As we spoke with DAM industry veterans, system users and vendors for our research, several trends emerged:

  • Larger adoption of the Extensible Metadata Platform (XMP) for managing metadata around assets. While most vendors boast support for Adobe’s standard that allows metadata to "travel" with an asset, not all support of XMP is created equally. Some vendors extract XMP metadata from an asset as it’s ingested into the system and store it in a separate repository, while others (such as Media Beacon) keep the metadata and asset as one, but still use the XMP information to manage the asset. Vendors are likely to continue to focus on XMP as a key way to unlock and manage an asset’s metadata.
  • Renewed focus on digital rights management (DRM). Although maintaining digital rights is vital in many DAM and media asset management (MAM) scenarios, few vendors have a solid solution to that need and are looking to create one. If DRM is important to you, be sure to look at how a vendor’s DRM capabilities stack up when you create your short list.
  • Lack of real asset workflow solutions. Compared to the other technologies we cover at CMS Watch, DAM systems have comparably weak workflow capabilities. Many DAM processes are complex, and many asset managers have required third-party tools to create truly automated workflows.
  • Increased need for enterprise system integration, DAM to Web content management systems in particular. Many asset managers wish to distribute products via the Web, and thus have a business need to merge those two technologies, making an easier bridge to cross. Therefore, many asset managers and industry veterans see the concept of the DAM system as the "single source of truth" as a bit antiquated because the repository needs to serve multiple platforms.
  • More focus on Web clients vs. the traditional desktop client. As with Web content management and enterprise search tools, vendors are trying to design more dashboard-like experiences for their Web client, and so far, few have achieved the same functionality from Web clients as they have with the desktop thick clients.
  • Divergent product builds. DAM vendors historically have spent a lot of time doing implementation, and as a result, there are a lot of aggregate solutions out there that aren’t necessarily part of the core product. As a buyer, be cautious and make sure what you see is what you’re going to get.
  • Workgroup solutions hitting the ceiling. Some of the smaller vendors we evaluated face challenges as their customer asset bases grow, requiring them to integrate with more complex enterprise systems.
  • Increase in software-as-a-service (SaaS)-based DAM. Widen, a pure-play SaaS vendor, has seen quite a bit of growth since early 2007, and ClearStory Systems experienced an uptick in the SaaS area during Q1 2008 despite other corporate turmoil in late 2007. North Plains  recently debuted an on-demand service.
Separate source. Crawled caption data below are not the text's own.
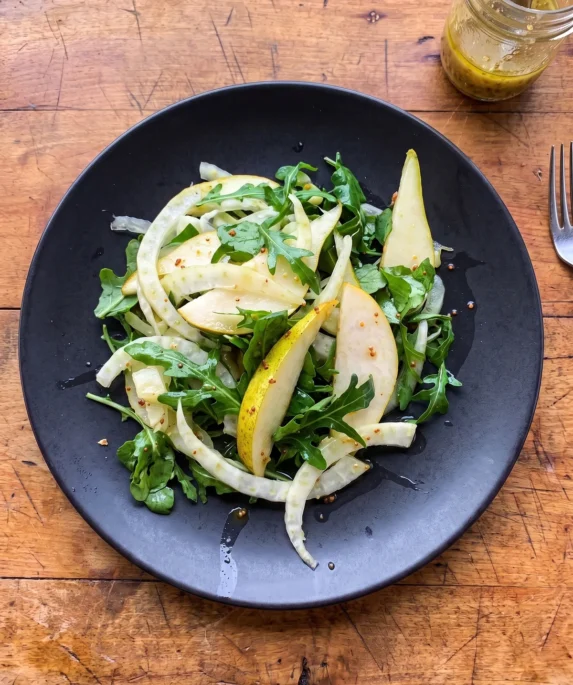 Gordon Ramsay rocket salad: wild arugula, watercress, thin curled fennel and long slices of Comice pear with a honey mustard vinaigrette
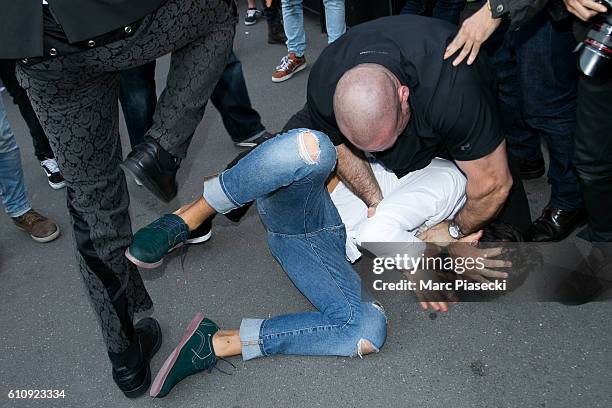 Bodyguard Pascal Duvier immobilizes Vitalii Sediuk after jumping on Kim Kardashian West at 'L'Avenue' restaurant on September 28, 2016 in Paris,...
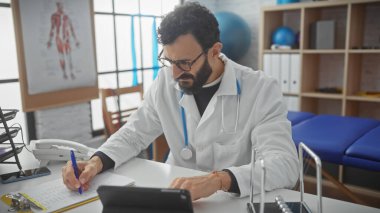 Sakallı bir erkek doktor hastane odasına not yazıyor. Yaşı, deneyimi ve sağlık sektöründeki profesyonelliği özetliyor..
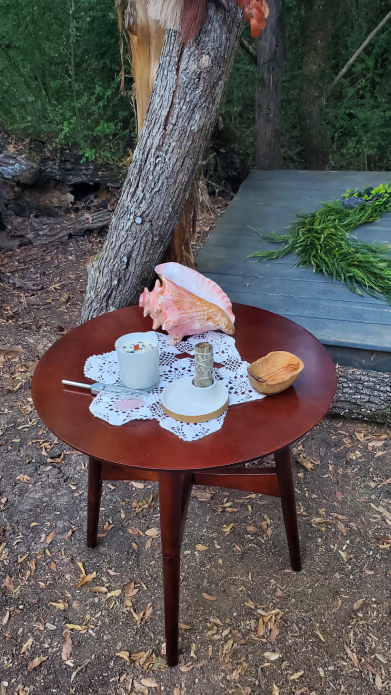 Viking ritual table outdoors with conch shell, candle, and ceremonial objects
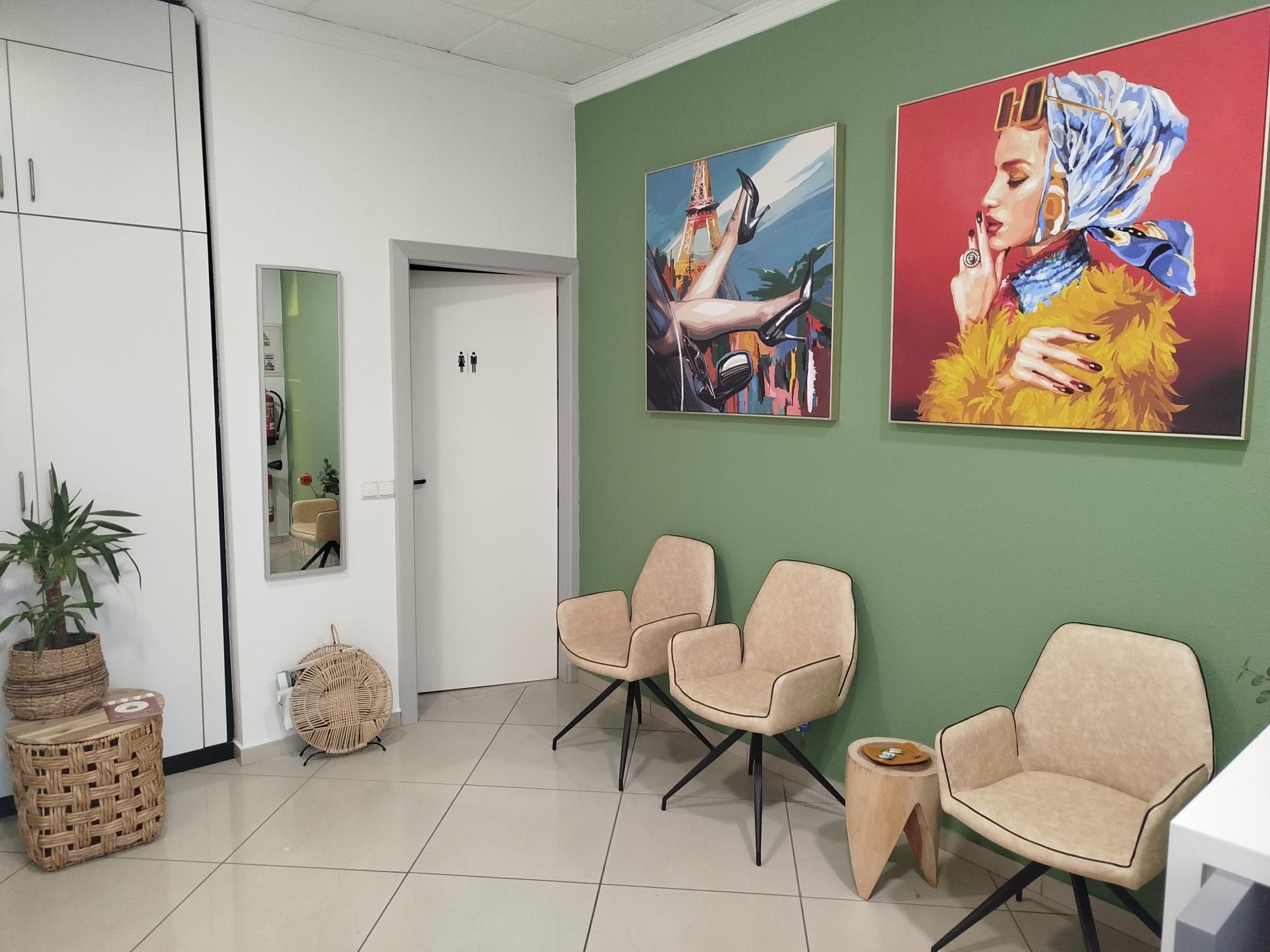 Sala de espera con sillones, plantas y cuadros sobre pared verde
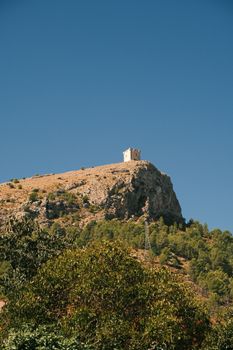 Stunning view of Hermit's Chapel atop a hill in Planes, Spain on a sunny day.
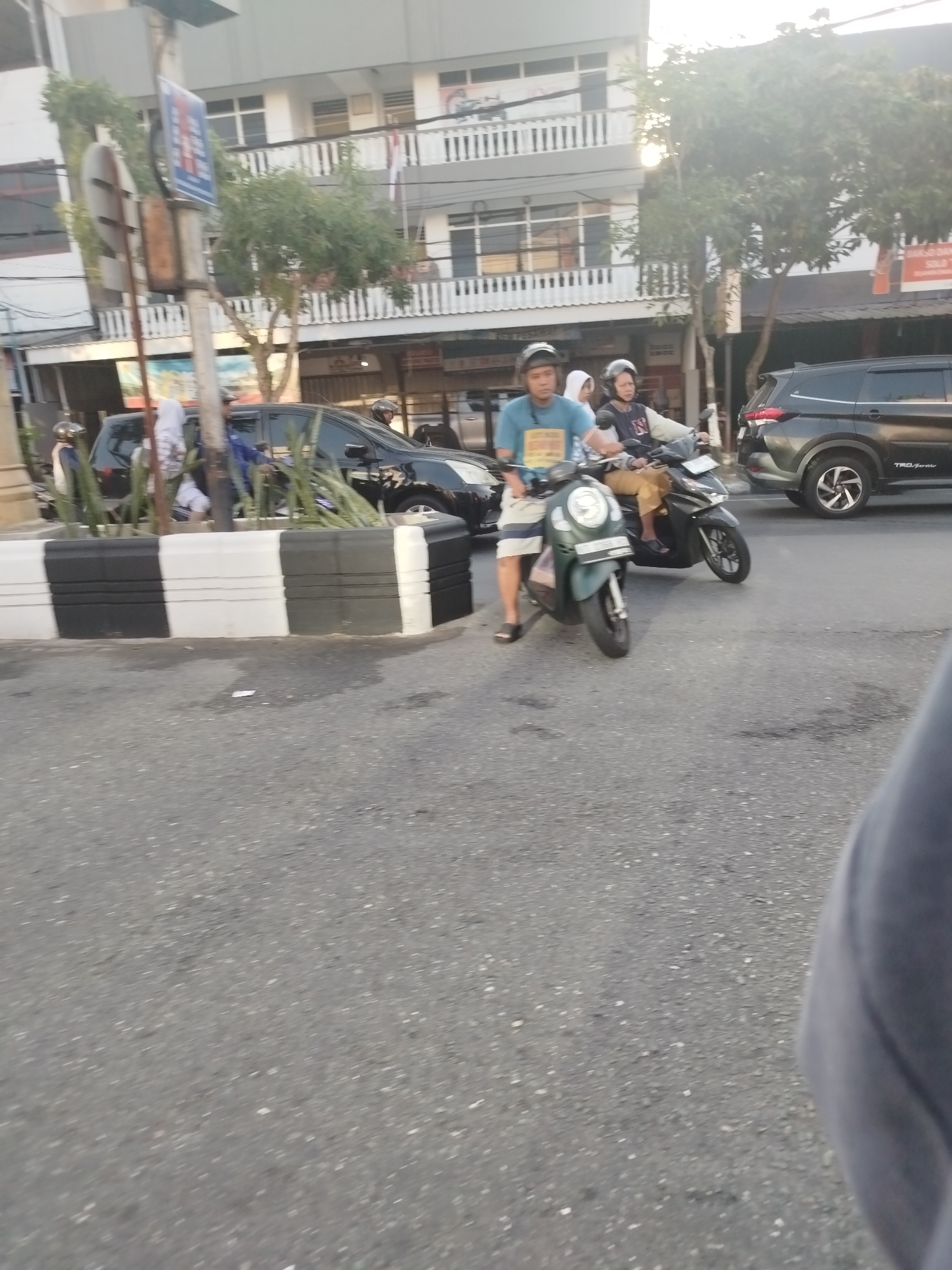 In Balikpapan, Indonesia, a street scene unfolds with two men on motorcycles. The man in the foreground, wearing a blue t-shirt and shorts, is on a dark green scooter. Behind him, another man in a white and red jacket rides a black motorcycle. Both men are wearing helmets. A black SUV is visible to the right, and other vehicles and buildings are present in the background. A black and white striped barrier is in the middle ground, separating the road from a planter with greenery. The lighting suggests it is daytime, possibly late afternoon due to the warm tones in the sky.
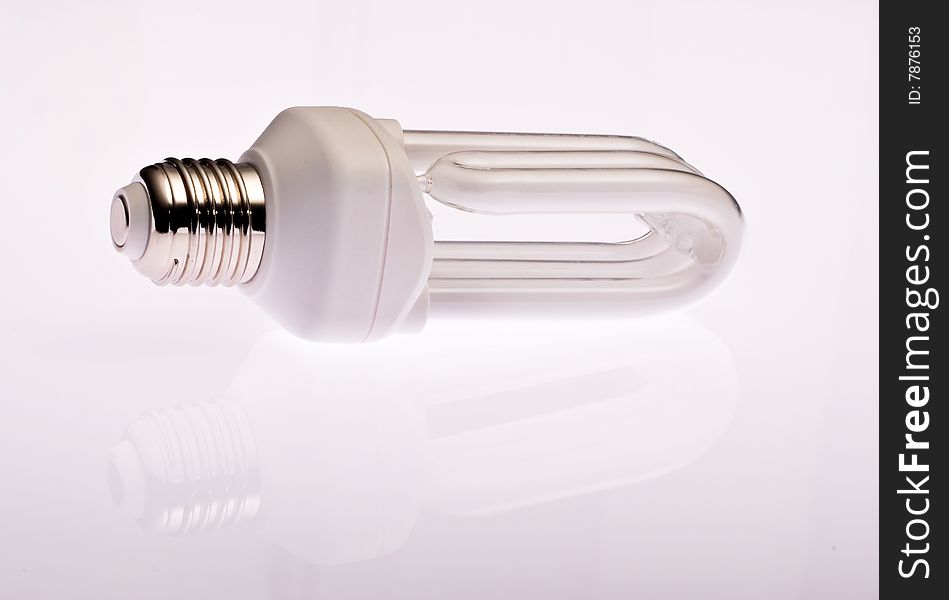 Fluorescent energy-saving lamp on white background with reflection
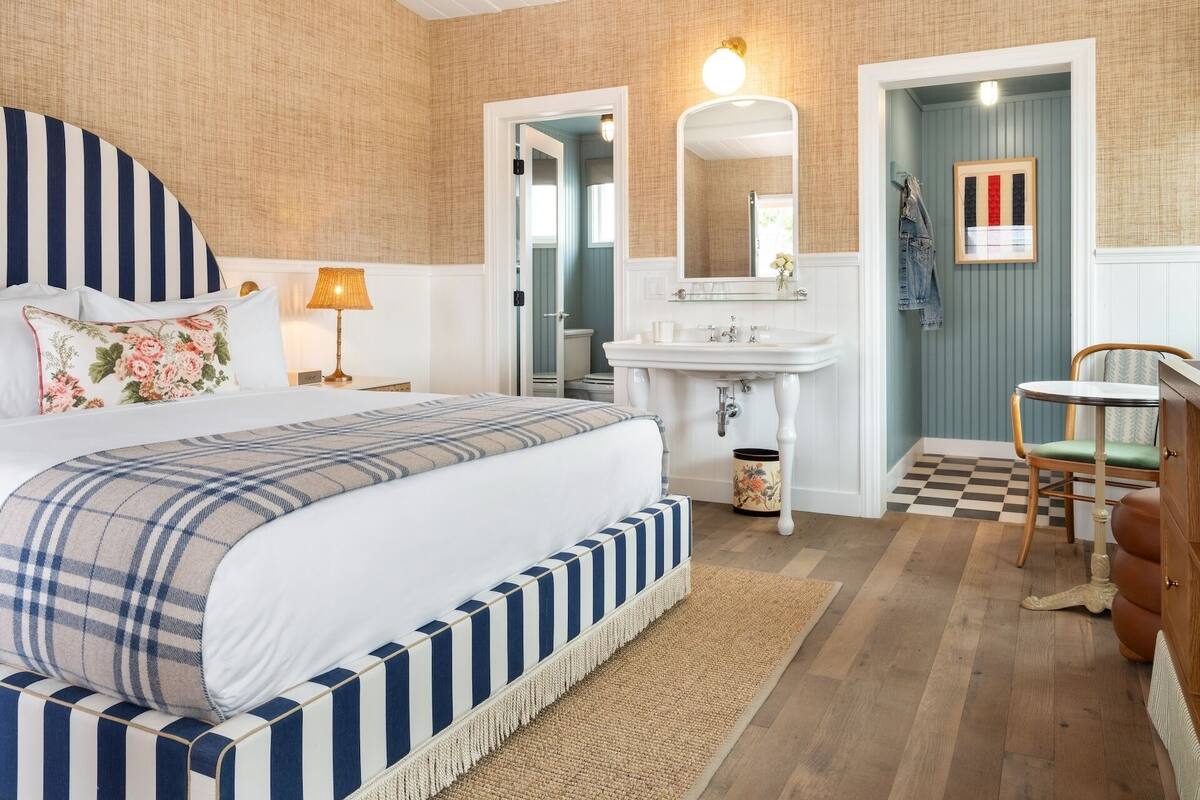 A bedroom with a large bed, a bedside table, a lamp, a bathroom with a sink and mirror, and a chair.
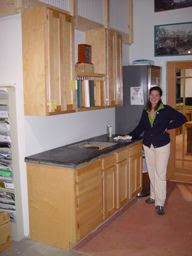Person in kitchen with wooden cabinets, stainless steel countertop, and upper shelving.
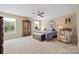 Spacious bedroom with a ceiling fan, natural light, sitting chair, and ample space at 930 Hawley Rd, McConnells, SC 29726
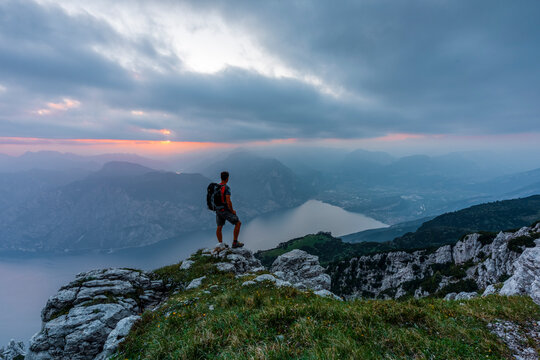 Hiker with backpack standing on a rocky peak during sunset for an outdoor adventure lifestyle, Altissimo Refuge "Damiano Chiesa", Monte Baldo Natural Park, Brentonico, Trentino, Veneto, Italy.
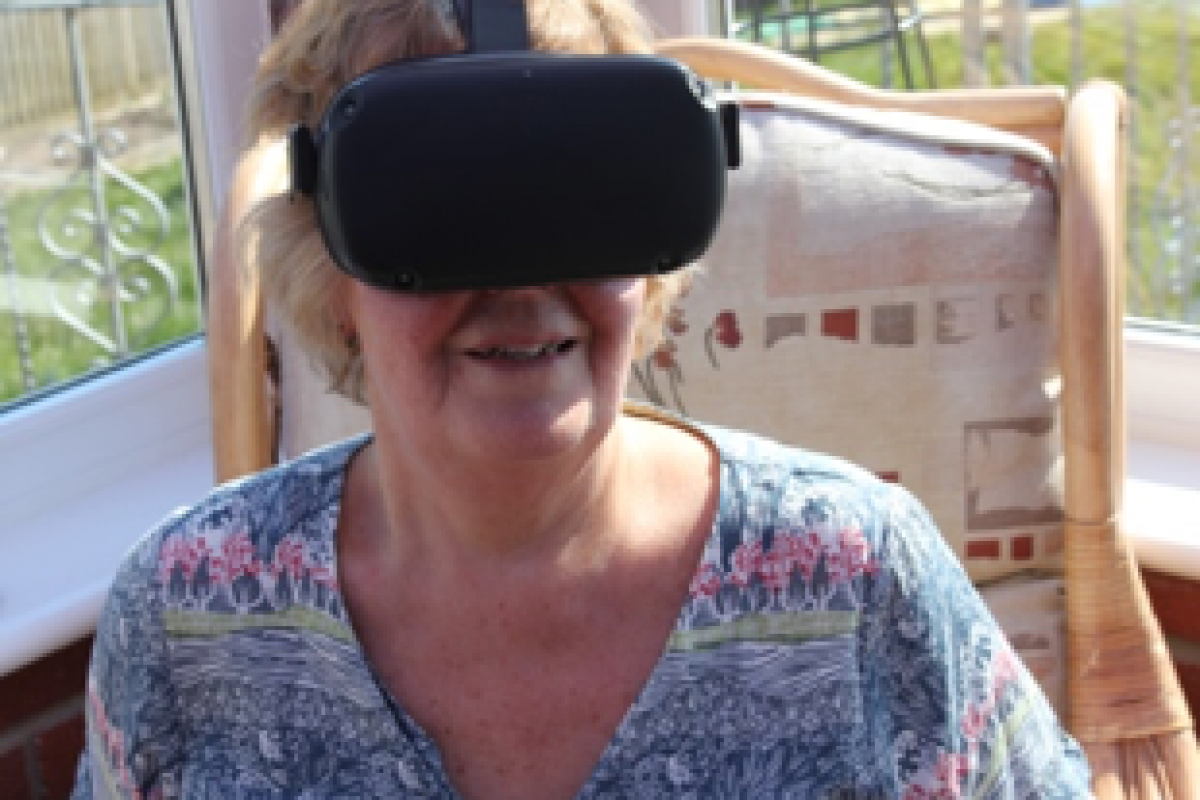 a headshot of a woman wearing a VR headset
Other vendors may jump on the SaaS bandwagon.
  • Generally weak video support leading to third-party investments. While many vendors support video, it hasn’t quite worked out as the video production and management super tool early DAM proponents envisioned. Part of the problem is the bandwidth required. Many customers of existing DAM products look to buy an Avid (avid.com) server or an Apple (apple.com) Final Cut Pro server to manage and serve video assets. As such, DAM vendors continue to miss the mark on video.

Despite the continued "on the cusp" feel to the DAM market, DAM’s big moment never seems to arrive: always the bridesmaid, but never the bride. As such, many DAM "leaders" were recently on the brink of extinction, some were saved by their now-enterprise content management (ECM) parents, while other vendors chug along as 20-person shops with a core platform on which they build custom solutions for long-term clients.